BioCryst Pharmaceuticals says it is withdrawing its investigational new drug application for a proposed treatment of hepatitis C due to safety concerns.

The decision came after the company discussed its BCX5191 antiviral nucleoside with the Food and Drug Administration.

“The FDA indicated concerns regarding the preclinical toxicity profile of BCX5191 at exposure levels that they believe are likely to be necessary to reduce viral load in patients infected with the hepatitis C virus,” the company said in a statement. “Patient safety remains BioCryst’s highest priority.”
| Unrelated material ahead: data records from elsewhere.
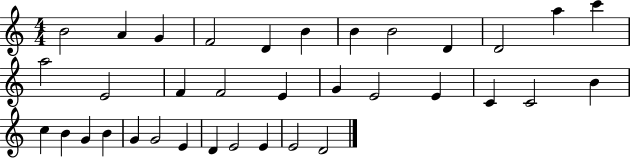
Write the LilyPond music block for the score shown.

{
  \clef treble
  \numericTimeSignature
  \time 4/4
  \key c \major
  b'2 a'4 g'4 | f'2 d'4 b'4 | b'4 b'2 d'4 | d'2 a''4 c'''4 | \break a''2 e'2 | f'4 f'2 e'4 | g'4 e'2 e'4 | c'4 c'2 b'4 | \break c''4 b'4 g'4 b'4 | g'4 g'2 e'4 | d'4 e'2 e'4 | e'2 d'2 | \break \bar "|."
} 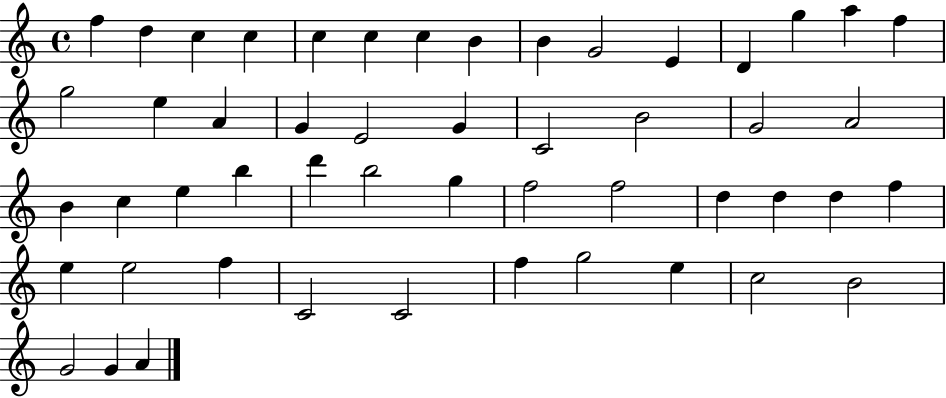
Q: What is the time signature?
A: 4/4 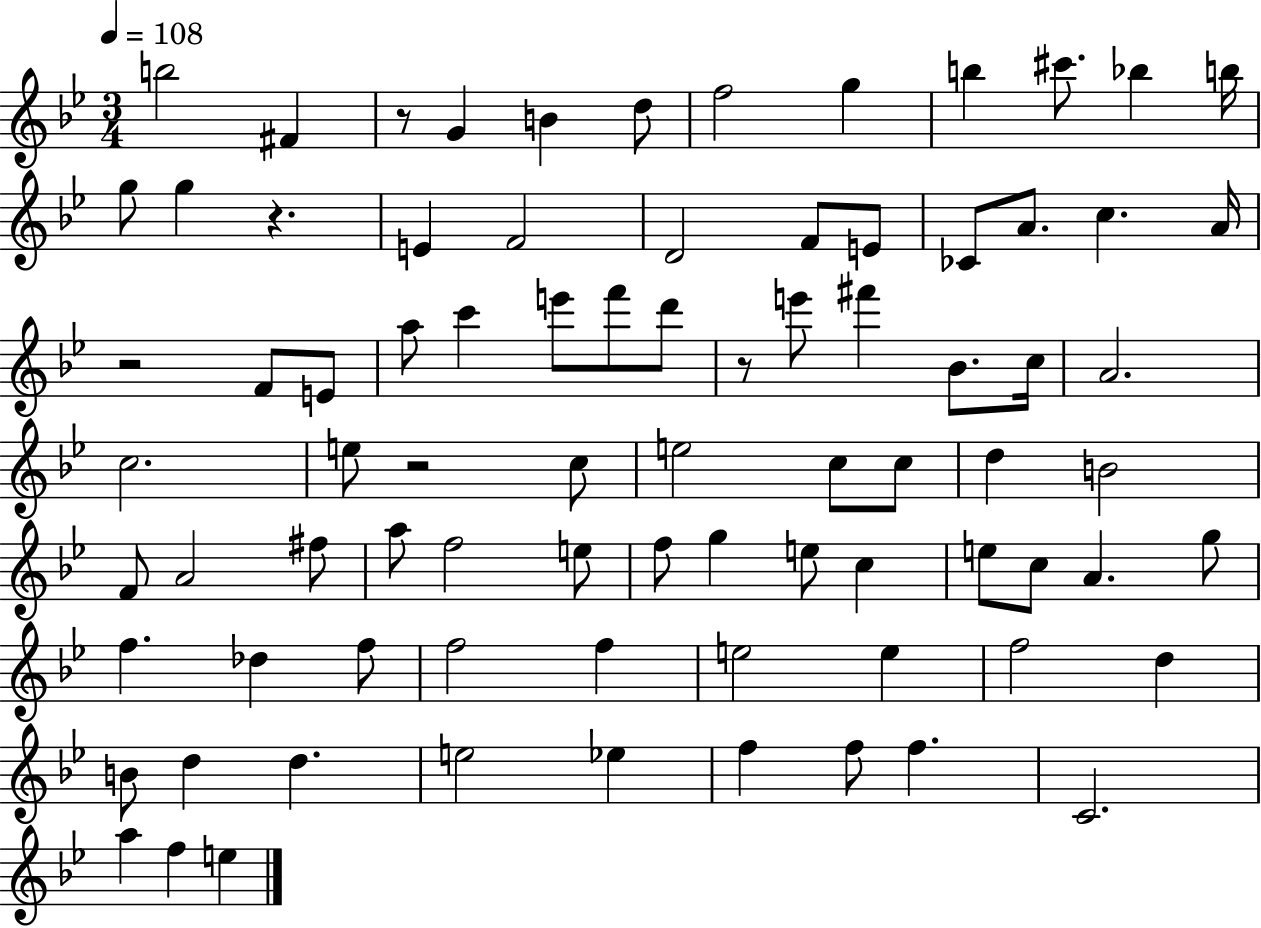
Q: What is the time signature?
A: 3/4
BioCryst (Nasdaq: BCRX) said it will conduct additional studies at lower does. ”BioCryst will then determine whether to continue development of BCX5191, based on the results of these studies,” the company said.
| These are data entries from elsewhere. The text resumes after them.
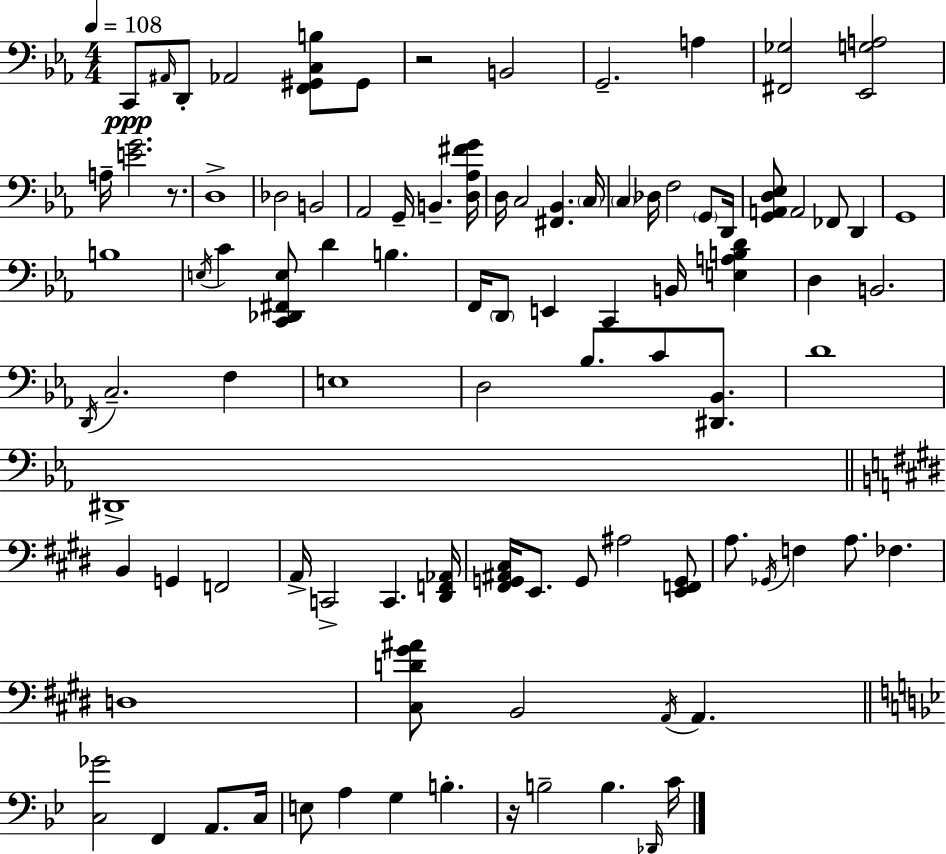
C2/e A#2/s D2/e Ab2/h [F2,G#2,C3,B3]/e G#2/e R/h B2/h G2/h. A3/q [F#2,Gb3]/h [Eb2,G3,A3]/h A3/s [E4,G4]/h. R/e. D3/w Db3/h B2/h Ab2/h G2/s B2/q. [D3,Ab3,F#4,G4]/s D3/s C3/h [F#2,Bb2]/q. C3/s C3/q Db3/s F3/h G2/e D2/s [G2,A2,D3,Eb3]/e A2/h FES2/e D2/q G2/w B3/w E3/s C4/q [C2,Db2,F#2,E3]/e D4/q B3/q. F2/s D2/e E2/q C2/q B2/s [E3,A3,B3,D4]/q D3/q B2/h. D2/s C3/h. F3/q E3/w D3/h Bb3/e. C4/e [D#2,Bb2]/e. D4/w D#2/w B2/q G2/q F2/h A2/s C2/h C2/q. [D#2,F2,Ab2]/s [F#2,G2,A#2,C#3]/s E2/e. G2/e A#3/h [E2,F2,G2]/e A3/e. Gb2/s F3/q A3/e. FES3/q. D3/w [C#3,D4,G#4,A#4]/e B2/h A2/s A2/q. [C3,Gb4]/h F2/q A2/e. C3/s E3/e A3/q G3/q B3/q. R/s B3/h B3/q. Db2/s C4/s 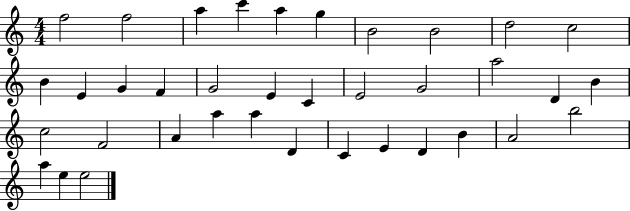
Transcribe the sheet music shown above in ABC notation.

X:1
T:Untitled
M:4/4
L:1/4
K:C
f2 f2 a c' a g B2 B2 d2 c2 B E G F G2 E C E2 G2 a2 D B c2 F2 A a a D C E D B A2 b2 a e e2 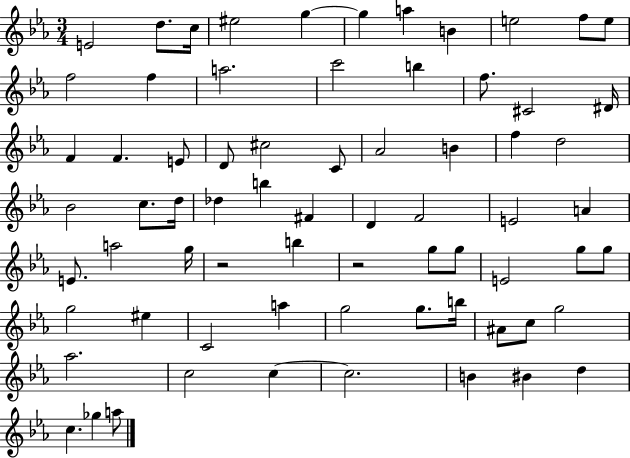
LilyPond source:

{
  \clef treble
  \numericTimeSignature
  \time 3/4
  \key ees \major
  e'2 d''8. c''16 | eis''2 g''4~~ | g''4 a''4 b'4 | e''2 f''8 e''8 | \break f''2 f''4 | a''2. | c'''2 b''4 | f''8. cis'2 dis'16 | \break f'4 f'4. e'8 | d'8 cis''2 c'8 | aes'2 b'4 | f''4 d''2 | \break bes'2 c''8. d''16 | des''4 b''4 fis'4 | d'4 f'2 | e'2 a'4 | \break e'8. a''2 g''16 | r2 b''4 | r2 g''8 g''8 | e'2 g''8 g''8 | \break g''2 eis''4 | c'2 a''4 | g''2 g''8. b''16 | ais'8 c''8 g''2 | \break aes''2. | c''2 c''4~~ | c''2. | b'4 bis'4 d''4 | \break c''4. ges''4 a''8 | \bar "|."
} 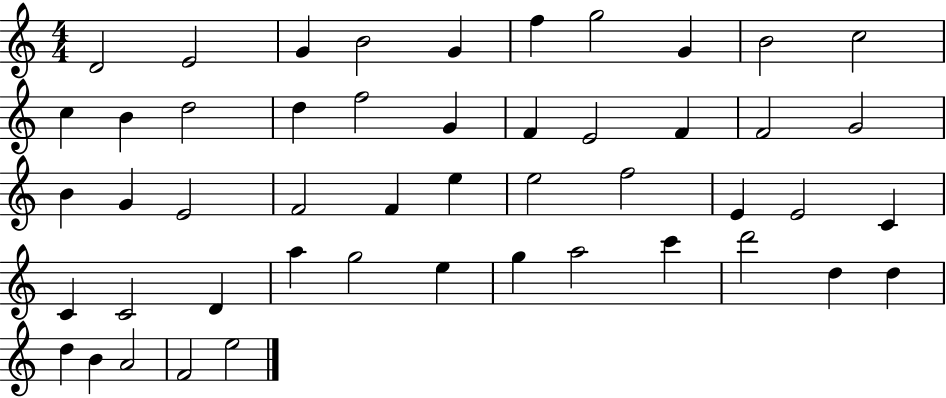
{
  \clef treble
  \numericTimeSignature
  \time 4/4
  \key c \major
  d'2 e'2 | g'4 b'2 g'4 | f''4 g''2 g'4 | b'2 c''2 | \break c''4 b'4 d''2 | d''4 f''2 g'4 | f'4 e'2 f'4 | f'2 g'2 | \break b'4 g'4 e'2 | f'2 f'4 e''4 | e''2 f''2 | e'4 e'2 c'4 | \break c'4 c'2 d'4 | a''4 g''2 e''4 | g''4 a''2 c'''4 | d'''2 d''4 d''4 | \break d''4 b'4 a'2 | f'2 e''2 | \bar "|."
} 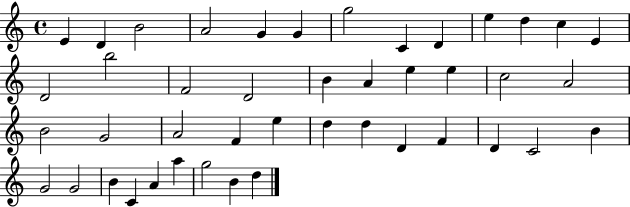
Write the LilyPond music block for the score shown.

{
  \clef treble
  \time 4/4
  \defaultTimeSignature
  \key c \major
  e'4 d'4 b'2 | a'2 g'4 g'4 | g''2 c'4 d'4 | e''4 d''4 c''4 e'4 | \break d'2 b''2 | f'2 d'2 | b'4 a'4 e''4 e''4 | c''2 a'2 | \break b'2 g'2 | a'2 f'4 e''4 | d''4 d''4 d'4 f'4 | d'4 c'2 b'4 | \break g'2 g'2 | b'4 c'4 a'4 a''4 | g''2 b'4 d''4 | \bar "|."
} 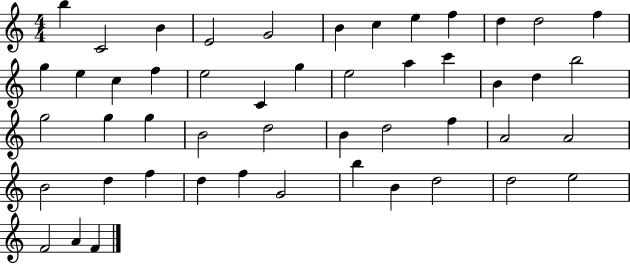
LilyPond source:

{
  \clef treble
  \numericTimeSignature
  \time 4/4
  \key c \major
  b''4 c'2 b'4 | e'2 g'2 | b'4 c''4 e''4 f''4 | d''4 d''2 f''4 | \break g''4 e''4 c''4 f''4 | e''2 c'4 g''4 | e''2 a''4 c'''4 | b'4 d''4 b''2 | \break g''2 g''4 g''4 | b'2 d''2 | b'4 d''2 f''4 | a'2 a'2 | \break b'2 d''4 f''4 | d''4 f''4 g'2 | b''4 b'4 d''2 | d''2 e''2 | \break f'2 a'4 f'4 | \bar "|."
} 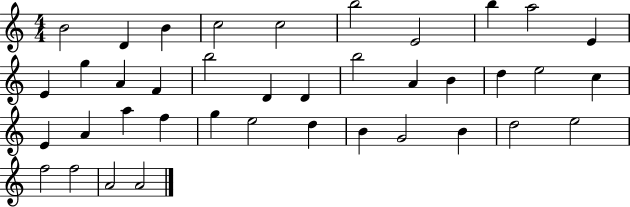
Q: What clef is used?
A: treble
The company added that the FDA “has previously placed clinical holds on other nucleotides under development.”

BioCryst has had high expectations for BCX 5191, which the company aimed to develop into a drug with once-a-day dosing and fewer side effects compared to existing hepatitis C treatments.

When BioCryst discussed 2011 financial results earlier this year, the company released results of preclinical studies, which showed that BCX 5191 has the potential to be superior to a hepatitis C compound from Gilead Sciences (Nasdaq: GILD), MedCity News reported. Gilead acquired that compound and its developer, Pharmasset, for nearly $11 billion.

Hepatitis C represents a global market of more than 170 million patients. In light of the Pharmasset acquisition and pharma’s interest in the hepatitis C space, BioCryst has had hopes another pharmaceutical company will strike a deal with BioCryst to develop and commercialize BCX 5191. First, BioCryst needs to take its drug candidate into human trials, MedCity news noted.